Technology, Knowledge, and Society’s Updates
Unease for What Microsoft’s HoloLens Will Mean for Our Screen-Obsessed Lives
nytimes.com | Article Link | By David Carr
Microsoft made a big announcement last week, revealing that Windows, a lucrative legacy franchise, was about to be unleashed into the physical environment through a set of goggles called the HoloLens that superimposes the operating system on the actual world. In one sense, it was heartening. Business reporters are frequently hung up on the new and the insurgent, but seeing mature companies adapt to a changed world is equally interesting.
But something about Microsoft’s new technology creeps me out, and it probably has less to do with the threat of holograms populating our everyday lives and more to do with something I’ve been watching on a different screen.

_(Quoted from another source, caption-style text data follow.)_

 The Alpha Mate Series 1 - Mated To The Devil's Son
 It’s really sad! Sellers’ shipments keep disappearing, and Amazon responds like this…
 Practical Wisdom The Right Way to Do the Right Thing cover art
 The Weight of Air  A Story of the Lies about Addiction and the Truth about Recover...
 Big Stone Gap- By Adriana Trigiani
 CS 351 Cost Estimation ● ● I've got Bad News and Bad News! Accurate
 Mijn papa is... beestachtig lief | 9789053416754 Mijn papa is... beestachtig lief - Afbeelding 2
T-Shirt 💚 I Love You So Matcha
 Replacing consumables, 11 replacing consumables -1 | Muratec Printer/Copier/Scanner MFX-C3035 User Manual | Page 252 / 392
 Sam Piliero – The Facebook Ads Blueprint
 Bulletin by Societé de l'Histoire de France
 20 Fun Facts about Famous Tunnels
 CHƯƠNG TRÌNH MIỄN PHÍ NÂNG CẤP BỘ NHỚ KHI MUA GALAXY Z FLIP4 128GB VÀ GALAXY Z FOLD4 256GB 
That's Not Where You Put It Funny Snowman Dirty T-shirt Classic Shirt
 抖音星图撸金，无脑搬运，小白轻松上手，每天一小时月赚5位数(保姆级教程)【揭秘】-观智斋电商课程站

“Black Mirror” is a three-season, seven-part anthology series, which first appeared in 2011 on Channel 4 in Britain and recently became available on Netflix, eliciting a lot of provocative chatter stateside. The show shares DNA with “The Twilight Zone,” but is very much about the present future we are living through.
Created by Charlie Brooker, a former video game reviewer, a writer for The Guardian and the host of his own television show, the series uses technology as a way to reflect on who we are becoming in the increasingly screen-infested environments we move through. The black mirror of the title refers to the blank screens that live on our walls, on our desks and in our pockets.